It is difficult to scrutinise Welfare Vice-President Scott Ahearn, as his tenure has provoked little controversy and the only pitfalls are minor ones that he himself highlights.
“In terms of each individual brief, Paul had successes, Jonny had successes, Pat definitely had successes and he’s just been elected and is staying on, James had successes like Arts Peer Mentoring and a range of other things with the library, and I feel myself that I’ve come out with successes. So as a team, I think we’ve done well in terms of the Save Our Ball campaign.”
He cites two Welfare Weeks as among what he regards as his best achievements over the year: “The aims of my Welfare Weeks were to promote me, promote what I do and promote what we have.” He is also proud of what he perceives as his achievements in Residences and his work for students suffering with mental health issues.
Ahearn’s immeasurable contribution to helping students with mental health issues has inspired his desire to study Social Work at postgraduate level following his next sabbatical year as USI Welfare Officer: “That one second pause where a person says ‘yes.’ You are probably the first person who this person has told; this person is contemplating killing themselves. You have to take it from their end, talk to them about, and see it from their end. Why is it they do that?”
Ahearn cites the biggest issue facing students this year as being finances. He investigated the system in place in other colleges in order to help implement better financial support services for students in UCD. While he says he will recommend a full-time Financial Support Officer to be implemented in UCD, as is the case in DCU, he admits that this will simply be a recommendation.
He did not simply work for the welfare of UCD students. He also worked for improved efficiency in terms of the role of Students’ Union Welfare Vice-President by establishing the Welfare Crew.
The Welfare Crew has served not only to assist the work of the Welfare Vice-President and to provide yet another opportunity for students to become engaged in college life, but it has also provided a platform for aspiring SU Welfare candidates, particularly the incoming Welfare VP, Rachel Breslin, of whom Scott is confident is ready to take the reigns and to continue and further his legacy.
He adds that September 2010 proved to be the most challenging period of his two-year tenure as Welfare Vice-President: “For me, September was the closest I’ve come to saying ‘there’s only so much that I can do’.” While finances have been cited as one of the major issues facing students at that time, Ahearn also believes that the situation on UCD Residences that month, when hundreds of students arrived on campus to discover their Res rooms were unavailable and that they would have to seek temporary accommodation for the first few weeks or term, was also prevalent.
Ahearn’s handling of the situation is difficult to criticise, as arguably, there was very little he could do except listen. “I’m very proud of what I’ve done with Residences, but that was incredible.

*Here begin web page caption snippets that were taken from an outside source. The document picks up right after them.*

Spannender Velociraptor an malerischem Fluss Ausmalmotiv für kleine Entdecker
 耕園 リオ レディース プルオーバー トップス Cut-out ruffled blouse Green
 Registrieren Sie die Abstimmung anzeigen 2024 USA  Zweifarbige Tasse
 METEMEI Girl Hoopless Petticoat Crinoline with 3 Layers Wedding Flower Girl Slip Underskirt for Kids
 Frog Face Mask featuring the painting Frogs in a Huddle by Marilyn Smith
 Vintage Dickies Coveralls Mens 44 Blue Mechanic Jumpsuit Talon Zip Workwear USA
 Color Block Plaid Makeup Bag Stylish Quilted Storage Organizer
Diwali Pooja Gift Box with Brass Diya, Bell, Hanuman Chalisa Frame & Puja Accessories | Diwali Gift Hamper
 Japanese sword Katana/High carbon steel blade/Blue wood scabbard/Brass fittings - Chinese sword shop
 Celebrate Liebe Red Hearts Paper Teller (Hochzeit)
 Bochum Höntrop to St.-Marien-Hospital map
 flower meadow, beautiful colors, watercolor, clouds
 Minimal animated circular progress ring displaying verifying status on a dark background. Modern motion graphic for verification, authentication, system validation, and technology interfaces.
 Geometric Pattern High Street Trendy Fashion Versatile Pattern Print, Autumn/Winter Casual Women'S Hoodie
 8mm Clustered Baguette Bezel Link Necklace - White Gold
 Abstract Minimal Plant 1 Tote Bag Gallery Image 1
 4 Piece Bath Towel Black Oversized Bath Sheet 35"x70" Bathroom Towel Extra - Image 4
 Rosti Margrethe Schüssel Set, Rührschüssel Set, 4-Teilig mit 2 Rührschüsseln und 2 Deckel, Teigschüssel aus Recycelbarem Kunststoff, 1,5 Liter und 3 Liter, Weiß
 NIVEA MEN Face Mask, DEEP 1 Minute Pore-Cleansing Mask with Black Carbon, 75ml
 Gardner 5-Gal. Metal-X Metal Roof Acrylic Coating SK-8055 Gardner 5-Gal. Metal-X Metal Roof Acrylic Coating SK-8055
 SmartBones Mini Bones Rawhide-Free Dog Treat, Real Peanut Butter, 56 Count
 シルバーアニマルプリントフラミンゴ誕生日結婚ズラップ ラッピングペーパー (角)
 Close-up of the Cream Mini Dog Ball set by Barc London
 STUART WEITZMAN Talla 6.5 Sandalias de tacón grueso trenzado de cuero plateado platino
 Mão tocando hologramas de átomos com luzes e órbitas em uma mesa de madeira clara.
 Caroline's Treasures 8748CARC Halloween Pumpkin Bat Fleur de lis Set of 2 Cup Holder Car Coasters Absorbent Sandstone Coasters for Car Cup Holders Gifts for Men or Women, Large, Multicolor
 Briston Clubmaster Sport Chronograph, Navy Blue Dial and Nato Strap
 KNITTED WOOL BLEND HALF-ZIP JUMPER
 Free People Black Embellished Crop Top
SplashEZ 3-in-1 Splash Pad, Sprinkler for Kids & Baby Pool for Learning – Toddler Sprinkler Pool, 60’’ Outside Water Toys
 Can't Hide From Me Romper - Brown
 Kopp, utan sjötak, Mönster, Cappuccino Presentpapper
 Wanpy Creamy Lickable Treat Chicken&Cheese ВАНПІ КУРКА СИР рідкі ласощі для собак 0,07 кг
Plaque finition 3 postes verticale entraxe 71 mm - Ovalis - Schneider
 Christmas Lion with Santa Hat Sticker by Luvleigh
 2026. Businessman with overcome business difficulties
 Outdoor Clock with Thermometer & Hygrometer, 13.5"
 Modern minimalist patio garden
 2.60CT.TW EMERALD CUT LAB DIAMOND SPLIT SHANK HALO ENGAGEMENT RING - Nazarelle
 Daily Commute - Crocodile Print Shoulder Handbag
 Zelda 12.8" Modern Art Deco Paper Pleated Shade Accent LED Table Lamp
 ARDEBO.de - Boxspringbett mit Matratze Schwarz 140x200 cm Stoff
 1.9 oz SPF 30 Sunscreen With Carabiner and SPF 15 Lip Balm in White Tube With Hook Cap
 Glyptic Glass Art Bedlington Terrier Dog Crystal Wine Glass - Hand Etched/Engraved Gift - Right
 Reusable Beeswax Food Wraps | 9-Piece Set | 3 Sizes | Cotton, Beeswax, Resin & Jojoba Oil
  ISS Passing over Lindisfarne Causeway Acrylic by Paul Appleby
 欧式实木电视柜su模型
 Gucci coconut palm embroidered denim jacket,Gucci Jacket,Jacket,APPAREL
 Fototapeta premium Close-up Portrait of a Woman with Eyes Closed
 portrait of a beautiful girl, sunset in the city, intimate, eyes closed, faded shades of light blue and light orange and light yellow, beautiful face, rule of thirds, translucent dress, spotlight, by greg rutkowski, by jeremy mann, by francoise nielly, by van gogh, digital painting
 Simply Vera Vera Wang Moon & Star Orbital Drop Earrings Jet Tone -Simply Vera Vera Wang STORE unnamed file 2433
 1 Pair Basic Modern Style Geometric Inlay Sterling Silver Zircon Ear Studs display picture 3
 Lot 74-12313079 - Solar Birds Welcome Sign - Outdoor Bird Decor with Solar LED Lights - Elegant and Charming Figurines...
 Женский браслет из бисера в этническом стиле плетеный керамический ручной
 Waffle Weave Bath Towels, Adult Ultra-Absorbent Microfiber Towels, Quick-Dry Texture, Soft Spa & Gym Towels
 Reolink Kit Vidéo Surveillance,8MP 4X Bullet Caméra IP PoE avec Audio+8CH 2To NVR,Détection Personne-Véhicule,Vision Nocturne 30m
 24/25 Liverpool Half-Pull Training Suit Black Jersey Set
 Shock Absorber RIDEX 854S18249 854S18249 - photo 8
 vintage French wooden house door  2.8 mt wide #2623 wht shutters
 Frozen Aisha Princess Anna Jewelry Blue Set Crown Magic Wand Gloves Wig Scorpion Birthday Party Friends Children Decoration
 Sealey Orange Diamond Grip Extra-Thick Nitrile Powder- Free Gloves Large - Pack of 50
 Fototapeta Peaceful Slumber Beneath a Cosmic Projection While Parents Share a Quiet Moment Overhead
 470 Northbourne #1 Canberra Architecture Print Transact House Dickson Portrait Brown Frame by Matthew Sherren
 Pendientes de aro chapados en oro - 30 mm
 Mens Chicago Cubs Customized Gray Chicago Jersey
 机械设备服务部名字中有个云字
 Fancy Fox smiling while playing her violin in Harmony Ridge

To have angry mammies from Galway on to you; it was very difficult to manage that.”
Undoubtedly, Ahearn’s role in the initiation of the Meet Your Neighbour/Life Scheme cannot be undermined, and his recognition alone of the difficulties facing students living away from home from the first time is to be his credit, especially as he admits having thoroughly enjoyed the transition and living in Belgrove for the first year of his degree.
Overall, in both years of his tenure, it is difficult to find fault with the performance of the Welfare Vice-President. The queue outside his office of students with personal cases wishing to speak to him is testament to his approachability and the prevalence of Welfare across campus and in campus media reflects Ahearn’s stellar commitment to his role.